Selling Out the Sixties

Joan Didion’s collection of essays in Slouching Towards Bethlehem sheds light on the true essence of the counterculture during the 1960’s. Her essay topics range from obsessions with over-inflated cultural icons to radical activists, such as the Diggers, to the biggest stereotype of the era, acid-tripping hippies. Each essay in the collection opens up a door to all the different corners of life during the sixties in and around San Francisco. And to achieve this, Didion did as any dedicated reporter would do and threw herself right into the midst of it all. At the end of the preface, she even goes as far as to claims that “writers are always selling somebody out.”

In creative nonfiction, and especially the type of literary journalism that Joan Didion writes, one could say that the writer is exposing their subject. But I think to say that the writer is selling out their subject makes the act sound sleazy. Selling someone out has a bitter connotation to it, whereas exposing the subject matter in a certain way is able to give the reader new perspectives and result in contemplative revelations. Journalism is supposed to bring an underground phenomenon to the surface, and inform us about something that may be of interest. There are certain types of styles and reporters that do in fact get close to people in order to sell them out, though claiming all writers of creative nonfiction always sell someone out is just not true.

Personally, I don’t even think that Didion is really selling anyone out, but simply reporting on the inner-workings of the society she is surrounded by. In her essay titled Lifestyles in the Golden Land, Didion tells the reader that on Haight Street “rape is as common as bullshit” (101). To me, that is the most that Didion sells anyone out. Her writing is more of an objective telling of the time period with a critique of the different groups and  people associated with it. Also, adding a dialogue about a mother who gives her kindergartener acid and peyote every so often isn’t exactly in the subject’s best interest, but Didion doesn’t ever react negatively. For the most part, she is able to remain unbiased and let the reader form their own ideas about the content she puts forth.

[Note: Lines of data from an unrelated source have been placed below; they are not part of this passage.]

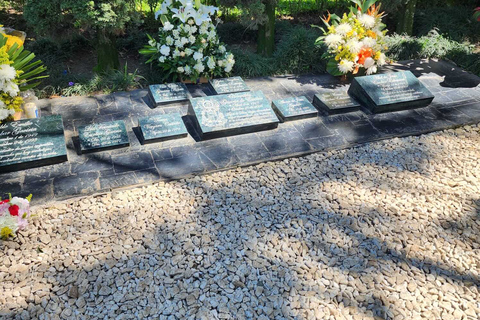 Medellín: Tour Pablo Escobar Group and Economic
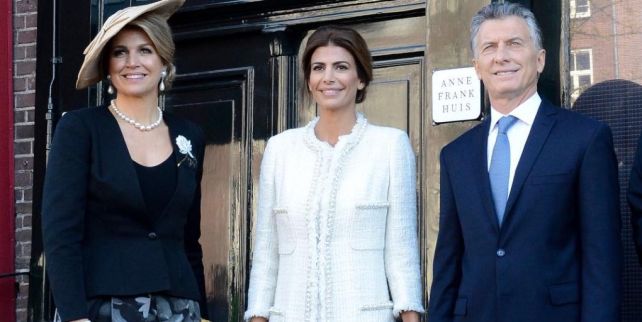 Juliana Awada en tweed junto a Mauricio Macri y la reina Máxima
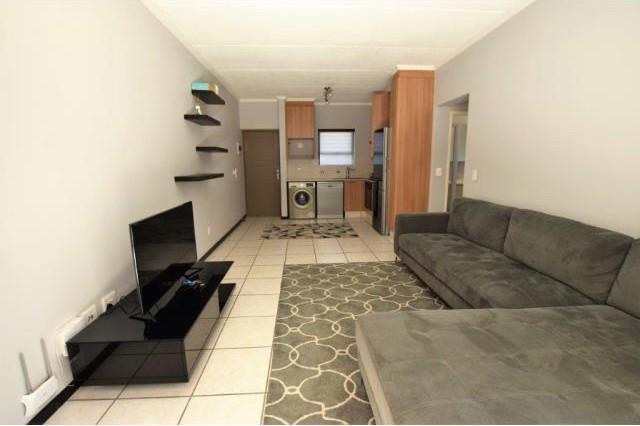 1 Bedroom Property for Sale in Bryanston Gauteng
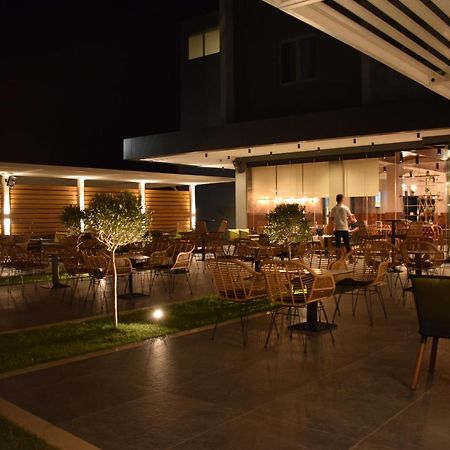 Bluepoint Hotel Tepelene Ngoại thất bức ảnh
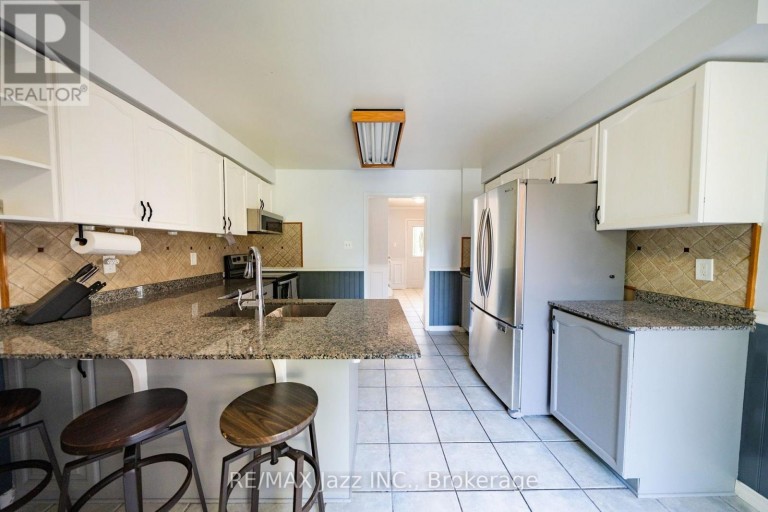 110 FREELAND AVENUE, Clarington (Bowmanville), Ontario, L1C4V6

Joan Didion’s opinion is usually pretty clear, but she doesn’t force it on the reader. Each essay in this collection seems to have a few parts to it; she starts off with explaining this is how it is, followed by this is the subject’s perspective, this is the outside perspective and finally, this is what I think about it. The essay California Dreaming is one in which Didion’s criticism is most blatant. She focuses on the Center for the Study of Democratic Institutions and makes all the members out to be rich, pretentious airheads. I would say this is probably the most critical of her essays. Yet, she still isn’t really selling anyone out here either.